The capital, which was recently torn apart, is decorated with colourful flags and banners, accompanied by political rhetoric, claims, counter-claims, brawls, and new promises (while the old ones are yet to be fulfilled).
The unique feature of this election is that we are witnessing the emergence of a new class – the ‘young intellectual voters’ – who are giving a hard time to all the contesting candidates.
However, I feel that there should be debates and discussions on two pertinent issues on which the whole elections should have been fought. Firstly, the contentious citizenship amendment bill (CAB), which plans to provide Indian citizenship to non-Muslims of neighbouring counties, which is a serious threat to the northeastern states, mainly those sharing boundaries with the SAARC countries. The fear of the people of the Northeast is that if the bill became and act the region would become a dumping ground and outsiders would soon outnumber the indigenous populations. This fear is validated by the present scenario of Tripura, where the indigenous population has been reduced to a minority since 1971.

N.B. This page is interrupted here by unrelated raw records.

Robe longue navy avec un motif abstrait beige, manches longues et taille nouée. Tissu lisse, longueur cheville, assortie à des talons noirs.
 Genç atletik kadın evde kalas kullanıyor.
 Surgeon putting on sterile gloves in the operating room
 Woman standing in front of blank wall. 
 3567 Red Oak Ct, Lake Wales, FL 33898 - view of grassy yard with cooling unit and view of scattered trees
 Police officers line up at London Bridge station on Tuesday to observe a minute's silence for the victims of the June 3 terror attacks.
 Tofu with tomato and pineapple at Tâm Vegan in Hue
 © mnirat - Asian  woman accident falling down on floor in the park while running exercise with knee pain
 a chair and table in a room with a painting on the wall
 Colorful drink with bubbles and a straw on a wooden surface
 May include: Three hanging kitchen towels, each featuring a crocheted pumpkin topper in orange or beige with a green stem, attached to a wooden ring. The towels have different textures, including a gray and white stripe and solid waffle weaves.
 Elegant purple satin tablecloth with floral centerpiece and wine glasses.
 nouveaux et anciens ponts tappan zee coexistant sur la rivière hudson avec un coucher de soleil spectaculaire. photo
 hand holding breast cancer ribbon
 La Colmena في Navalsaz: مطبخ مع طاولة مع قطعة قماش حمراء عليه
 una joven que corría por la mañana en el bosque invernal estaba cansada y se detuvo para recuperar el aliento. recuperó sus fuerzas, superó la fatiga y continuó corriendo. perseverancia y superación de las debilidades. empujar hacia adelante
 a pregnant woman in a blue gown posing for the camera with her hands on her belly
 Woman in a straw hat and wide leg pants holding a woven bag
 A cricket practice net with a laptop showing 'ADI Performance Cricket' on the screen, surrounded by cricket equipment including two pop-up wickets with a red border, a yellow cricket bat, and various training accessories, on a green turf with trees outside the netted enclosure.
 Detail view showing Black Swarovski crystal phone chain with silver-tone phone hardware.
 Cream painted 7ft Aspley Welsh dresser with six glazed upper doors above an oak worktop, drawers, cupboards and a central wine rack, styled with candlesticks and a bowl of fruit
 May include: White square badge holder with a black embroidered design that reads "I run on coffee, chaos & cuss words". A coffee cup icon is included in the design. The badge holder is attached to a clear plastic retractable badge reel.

In the context of Arunachal Pradesh, we are protected under the BEFR 1873 (inner line system), and there might be no immediate ramifications of the CAB; but the contentious bill has the potential to provoke illegal immigrants to knock legal doors, challenging the precedence of the CAB over the BEFR. And let’s not be blind to the recent Supreme Court order which has fallen in favour of granting citizenship to Chakmas and Hajongs.
We should also be aware that the BEFR is a colonial legislation and Arunachal, enlisted under Article 371 (H), doesn’t categorically have any constitutional protection, unlike Article 371 (A) of Nagaland which guarantees the Nagas their way of life, without interference from any parliamentary enactment, unless the legislative assembly by a resolution so decides.
Further, the government of the day has been pushing for implementation of Article 44 (uniform civil code), which was included in their poll manifesto of 2014. If implemented, it will have serious ramifications on tribal rights. A uniform civil code (UCC) will abridge the fundamental rights granted under Article 29, which gives the minorities the right to save their cultures. The tribal customary laws, in particular, will have sharp disagreements with the UCC.
This letter must not be read as an attempt to create an anti-government hysteria by bringing forth the contentious issues during election time. The act of asking questions is the very essence of democracy. Behind every question there is a questioner, and behind every questioner there is the urge to know the truth.
As we go to the polls, let’s treasure our votes and not sell them for freebies. Our founding fathers fought for ‘one vote equal to one value’, so that we may exercise our universal franchise with utmost sincerity and right judgment.